The Earth's watery places are full of fascinating creatures. When I was a child I spent many hours lying face down in the Mediterranean Sea looking at fish and other creatures going about their business, and I remember those hours with great fondness. In today's poetry title you will meet some of the creatures who live in seas, lakes, rivers, and oceans.
In the Swim
In the Swim
Douglas Florian
Poetry Picture Book
For ages 5 to 7
Harcourt, 1997, 0-15-202437-9
For some people large bodies of water are fascinating
places. Though we have mapped most of them, we don’t really know everything
there is to know about these environments.

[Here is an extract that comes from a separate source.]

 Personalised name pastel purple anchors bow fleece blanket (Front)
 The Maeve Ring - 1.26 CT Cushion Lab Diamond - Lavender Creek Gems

We certainly don’t know about all the
creatures that live in them, but we do know about some of them, and we are
going to meet just a few of these creatures in the poems in this book.
Douglas Florian
is a poet who has a gift for injecting humor into his poems. Often this humor
is quirky. For example, in the very first poem we meet a catfish whose tone
sounds rather annoyed. The reason for its annoyance is that it wants to make it
perfectly clear that it is a fish, not a cat. Nor, for that matter, does have any
wish to be a cat.
Next we meet a salmon
and the poem is cleverly presented so that we have to read up the page, just as
salmon have to swim upstream to spawn. The poem about the sawfish is also
presented in a unique way. It is jagged, just like a saw, and we learn that a
sawfish cannot cut “A two-by-four,” or “build a bed.” It has its “splendid” saw
so that it can get its fish dinner and it eats the fish raw, which means that
is doesn’t have to “do dishes.”
The catfish is
not the only aquatic creature that was given a name that really does not do it
justice. The sea horse is another such animal. Seahorses have no hooves, they
cannot race, and “have no legs / With which to chase.” In fact they are so
unlike a real horse that their name is just plain “silly.”
Douglas Florian
has created so many wonderful poetry collections and this one is sure to
entertain and delight readers, just as the others have done. Throughout the
book the twenty-one poems are accompanied by wonderful paintings that have the
same quirkiness that you find in the poems.